RBBS 8 - Strings & Dates
Over the last few sessions, we’ve explored how to bring data into R for manipulation and covered the principles of tidy data and transformations using base R and the Tidyverse. Another key component of transformations that we will explore is how to manipulate strings and dates using tools in the tidyverse and regular expressions (regexps).
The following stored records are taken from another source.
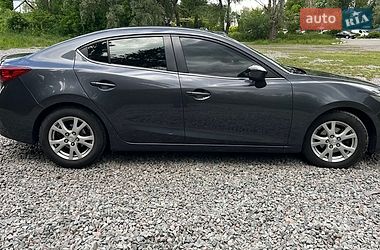 Седан Mazda 3 2016 в Києві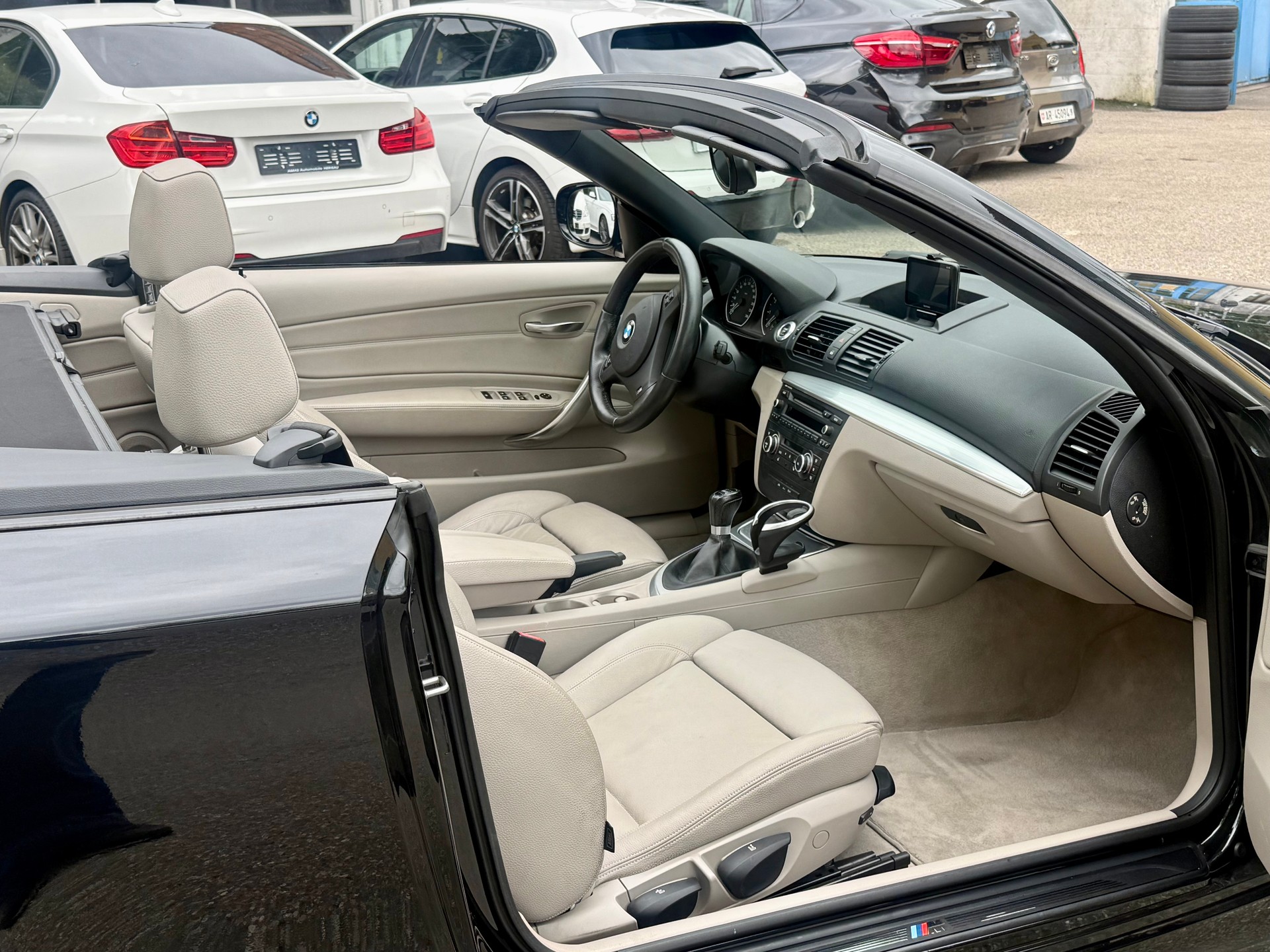 BMW 118i Cabrio-image-9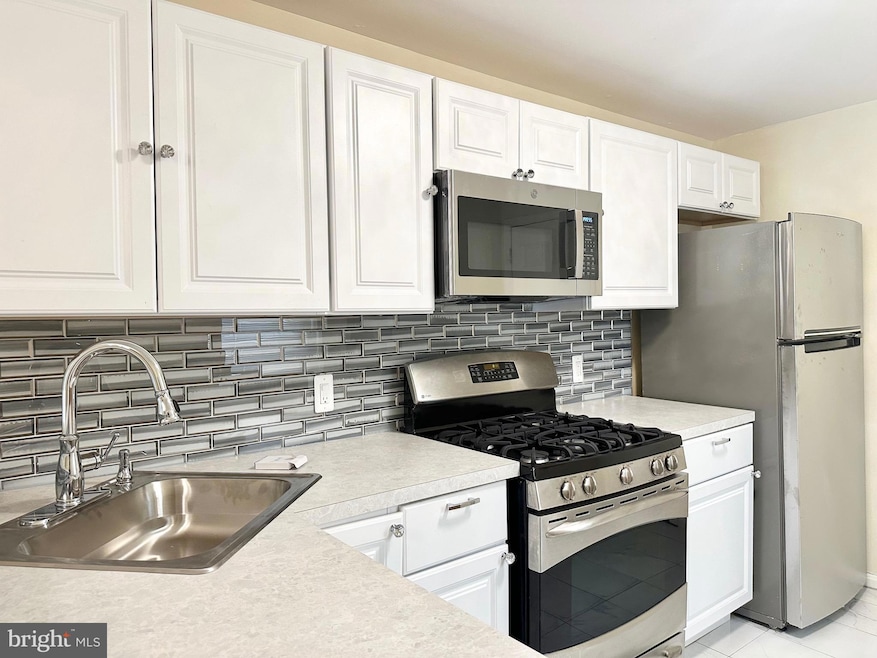 1536 N Stricker St, Baltimore, MD 21217 - photo 1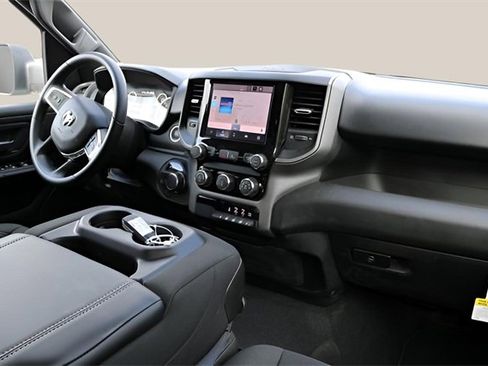 New 2026 RAM 1500 Express image 15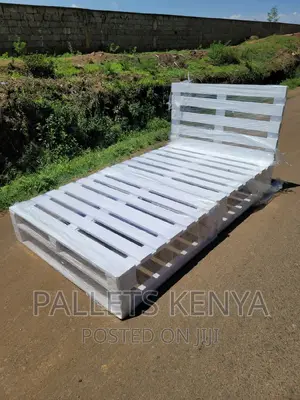 Pallet Bed- 4*6 Premium White Pallet Bed. (#SC16,)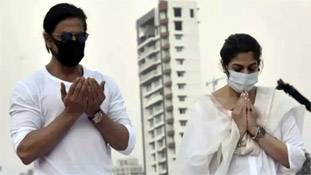 लता मंगेशकर का अपमान क्यों करेंगे शाहरुख खान? सवाल उठाने वालों की सोच ज्यादा घटिया है!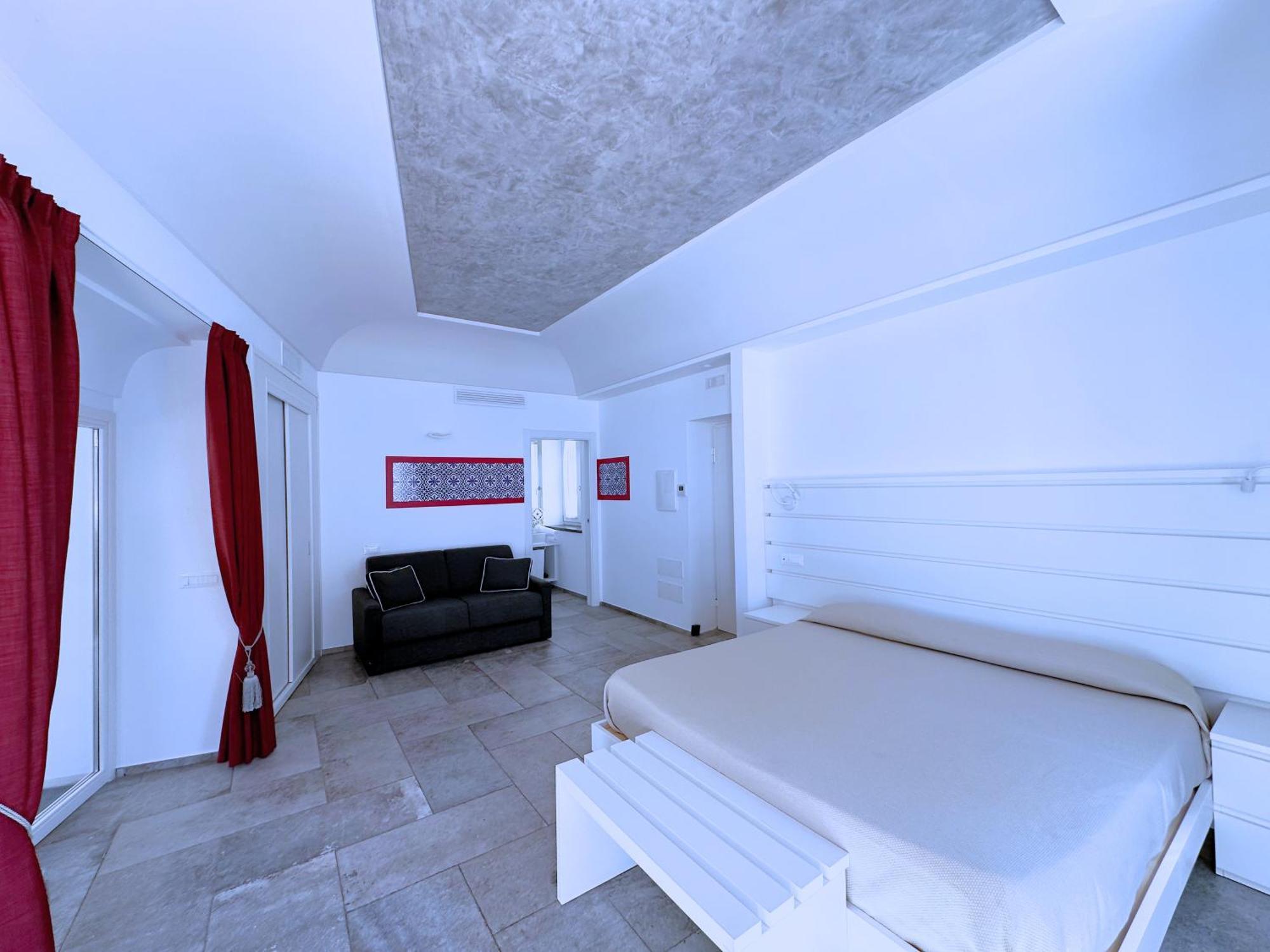 Jacuzzi Suite Sea View Terrace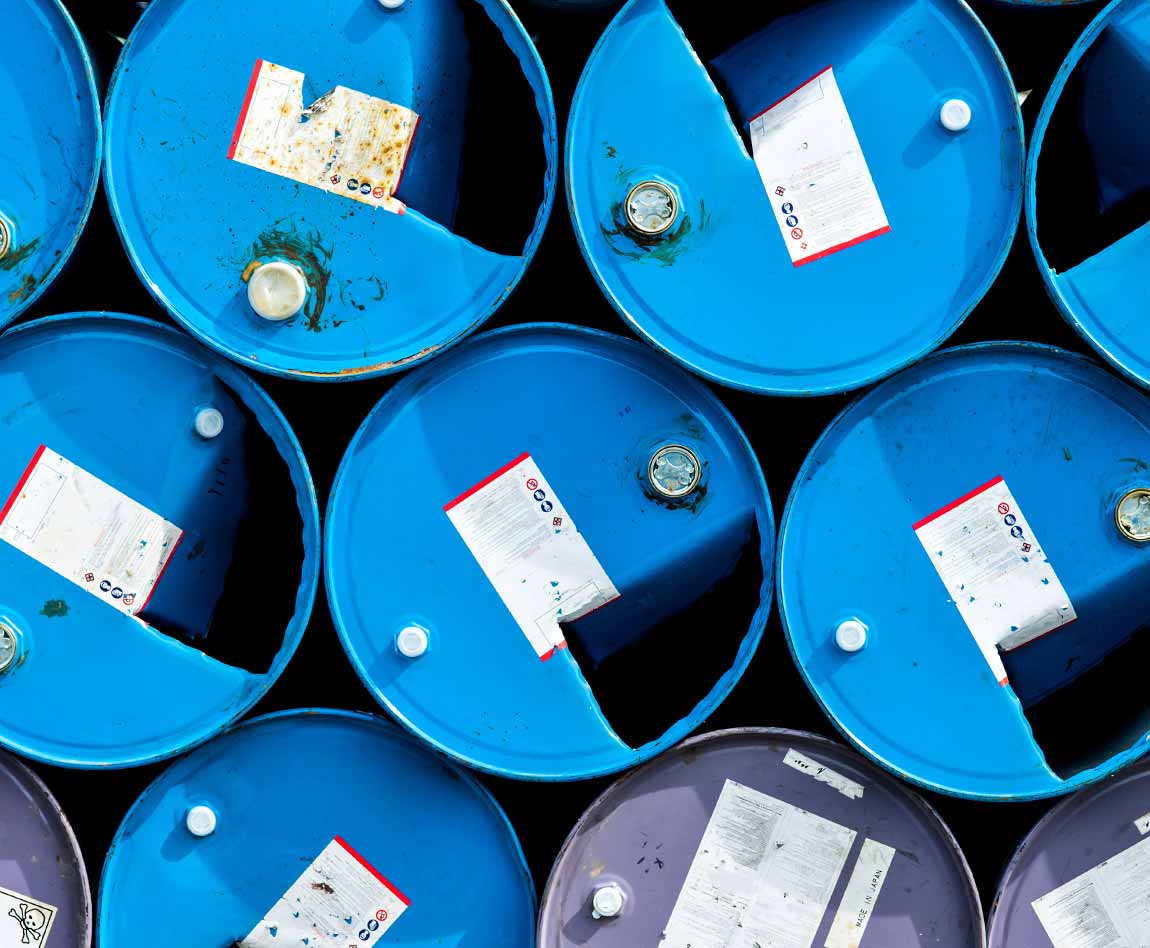 Des barils bleus contenant des produits chimiques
For our R Building Blocks session today, we will focus on understanding
what regular expressions are, how to utilize them and the stringr
package in R to manipulate strings, and finally how to wrangle dates in
R using the lubridate
package.
This session is modeled after Chapter 14 and Chapter 16 of R for Data Science.
Learning Objectives
- Understand what regular expressions are and how to use them to manipulate strings
- Gain the ability to use the `stringr` package to manipulate strings
- Learn how to work with Date formatting in R
Recording
USAID staff can use this link to access today’s recording (not available to external users).
Setup
For these sessions, we’ll be using RStudio which is an IDE, “Integrated development environment” that makes it easier to work with R. For help on getting setup and installing packages, please reference this guide.
Materials
Load Packages
Let’s get started by loading some important packages. When we load the
tidyverse
, you’ll notice that a couple other packages are being loaded
as well, including stringr
, the main set of tools to manipulate
strings in the Tidyverse. Note that the lubridate
package is not part
of the core tidyverse packages, so if you are working with dates/times,
you’ll want to load this package as well.
library(tidyverse) #install.packages("tidyverse")
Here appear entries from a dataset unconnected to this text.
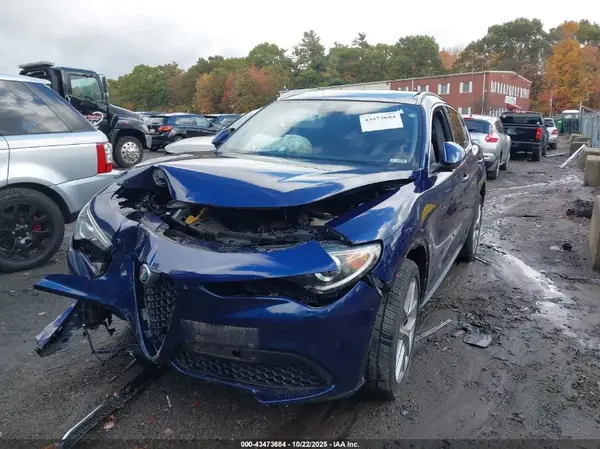 ZASFAKBN1J7B92282 2018 ALFA ROMEO STELVIO - Image 2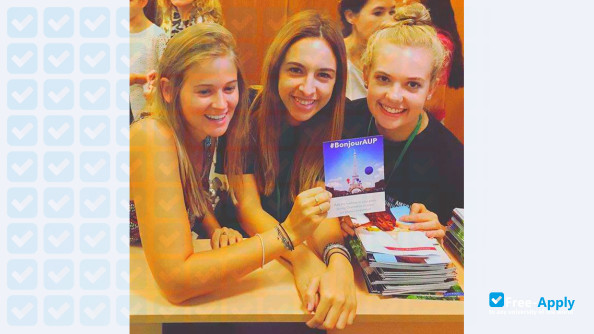 Foto de la The American University of Paris #13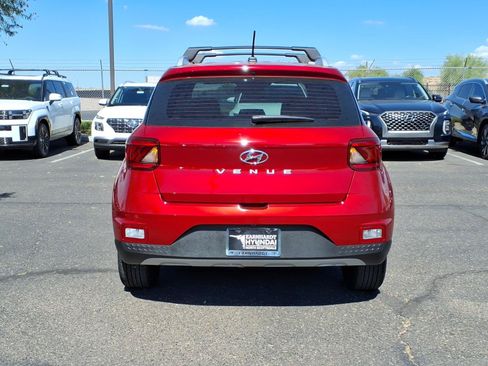 Certified 2024 Hyundai Venue Limited FWD image 5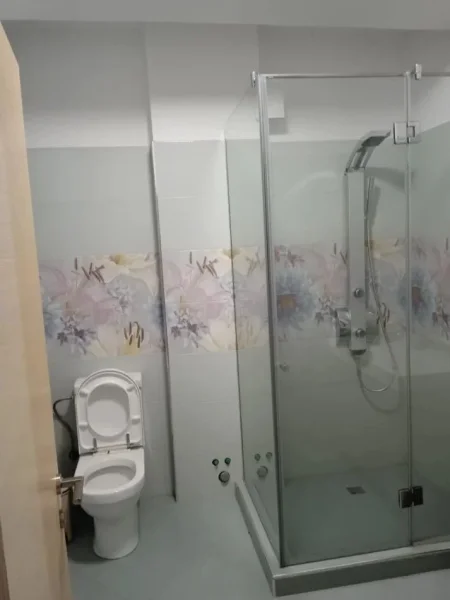 Tirane, jepet me qera apartament 2+1 Kati 4, 110 m² 520 € (ASTIR)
## -- Attaching packages --------------------------------------- tidyverse 1.3.1 --
## v ggplot2 3.3.5 v purrr 0.3.4
## v tibble 3.1.6 v dplyr 1.0.8
## v tidyr 1.2.0 v stringr 1.4.0
## v readr 2.1.2 v forcats 0.5.1
## -- Conflicts ------------------------------------------ tidyverse_conflicts() --
## x dplyr::filter() masks stats::filter()
## x dplyr::lag() masks stats::lag()
library(lubridate)
String Theory 101
Let’s start with a brief review of what strings are and how we can create them in R. Most of the time, we’ll be working with strings that are pre-defined in our dataset, but the intuition of how to create strings can help us better understand how to manipulate them.
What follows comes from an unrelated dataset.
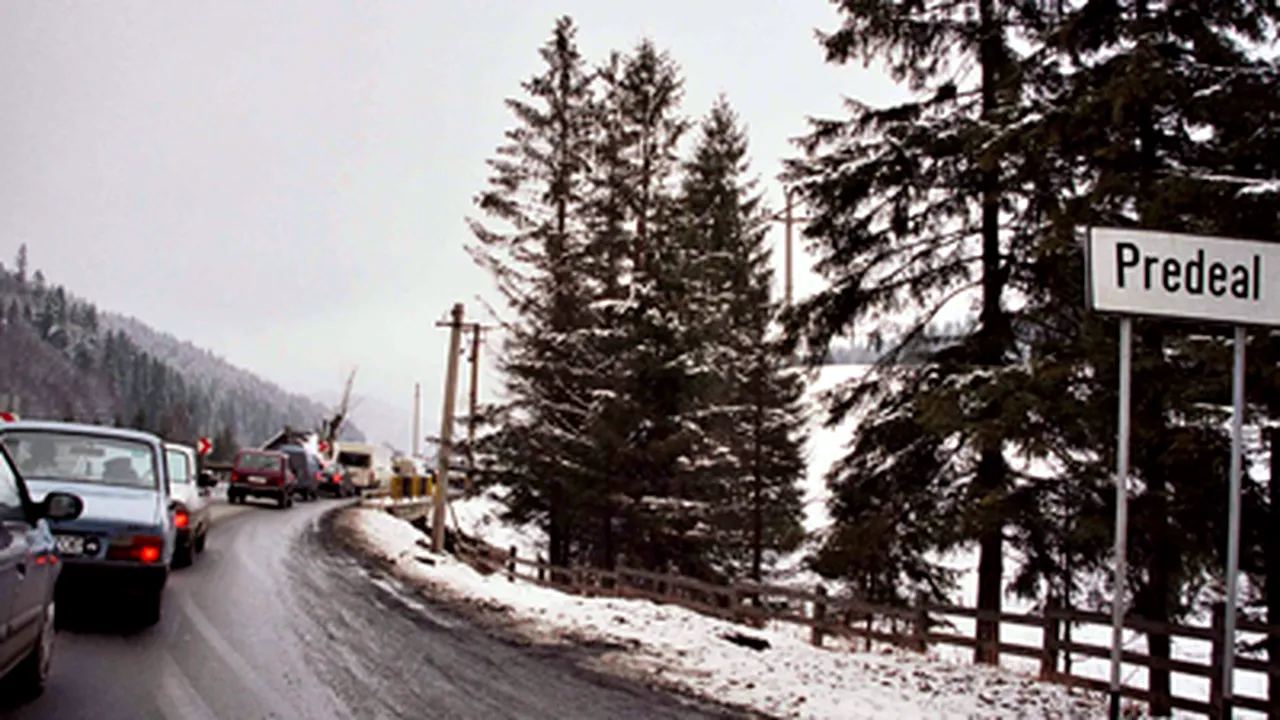 Traficul rutier pe DN1 dinspre Braşov către Predeal, restricţionat şi deviat pe DN1A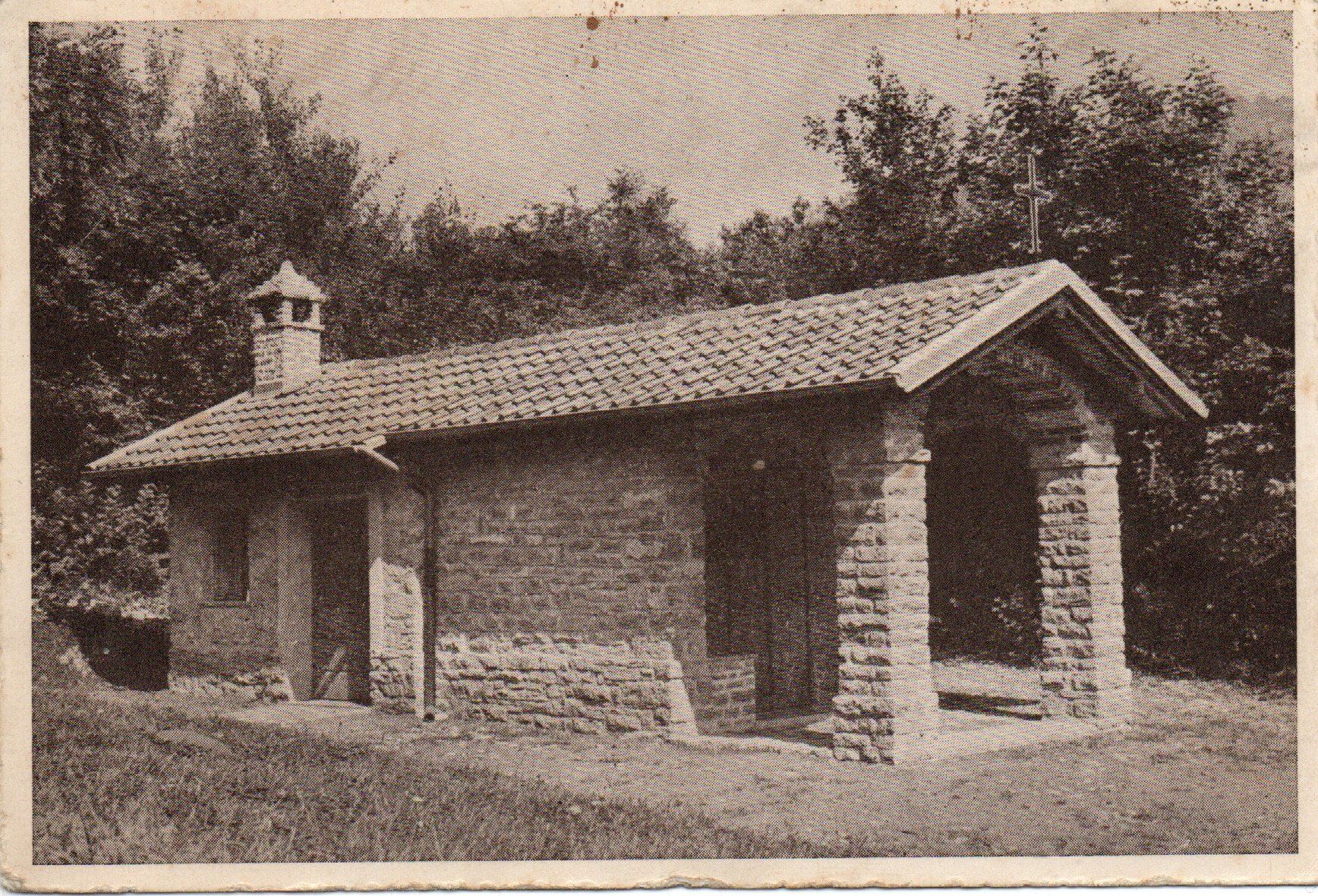 Cartoline postali: Meride - Cappella Sant'Uberto e rifugio S.Giorgio – Nuovo (secondo la descrizione) da Melano venduto da pisonsdro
Any value that is written within a pair of single or double quotes in R is treated as a string. Unlike most other coding languages, R does not make a distinction between the single or double quotes when creating a string, but it’s important to note that R will always store strings within double quotes. As such, it is generally best practice to use double quotes when creating strings.
a <- "Starting and ending string with double quote"
print(a)
## [1] "Starting and ending string with double quote"
b <- 'Starting and ending with a single quote'
print(b)
## [1] "Starting and ending with a single quote"
Another rule to keep in mind is that the quote at the beginning of the string has to match the quote at the end of the string. If they are mixed, it will throw an error.
e <- "Mixed quotes'
print(e)
Error: unexpected symbol in: "print(e)
If you forget to close a quote, you’ll see +
, the continuation
character:
> "This is a string without a closing quote
+
+
+ HELP I'M STUCK
Lastly, you can store multiple strings in a character vector, using
c()
c("storing", "multiple", "strings")
## [1] "storing" "multiple" "strings"
stringr
Functions
While base R has numerous functions that are useful to working with
strings, they can be inconsistent and difficult to remember. For this
session, we’ll focus on functions in the stringr
package in the
Tidyverse. All of these functions begin with the str
naming
convention, making them more intuitive to use and remember.
String Length
To count the number of characters in a string (including spaces), use
str_length()
str_length(c("OHA", "r building block", NA))
## [1] 3 16 NA
Concatenating Strings
To combine two or more strings, use str_c()
str_c("a", "b", "c")
## [1] "abc"
We can also use the sep
argument to control how the strings will be
separated when they are combined.
str_c("x", "y", sep = ",")
## [1] "x,y"
str_c()
is also vectorized, meaning that it will output shorter
vectors based on a character vector. Let’s take a look at an example
that we might see with PEPFAR data.
Let’s say that we are working with some country-level data and we want to create a naming convention so that each output file has a consistent naming convention.
We’d first want to store the countries that we are working with as a
character vector. We can then use str_c()
and generate a unique string
vector output for each file name.
country <- c("Mozambique", "Nigeria", "Malawi")
str_c("output/", country, "-data-report.pdf")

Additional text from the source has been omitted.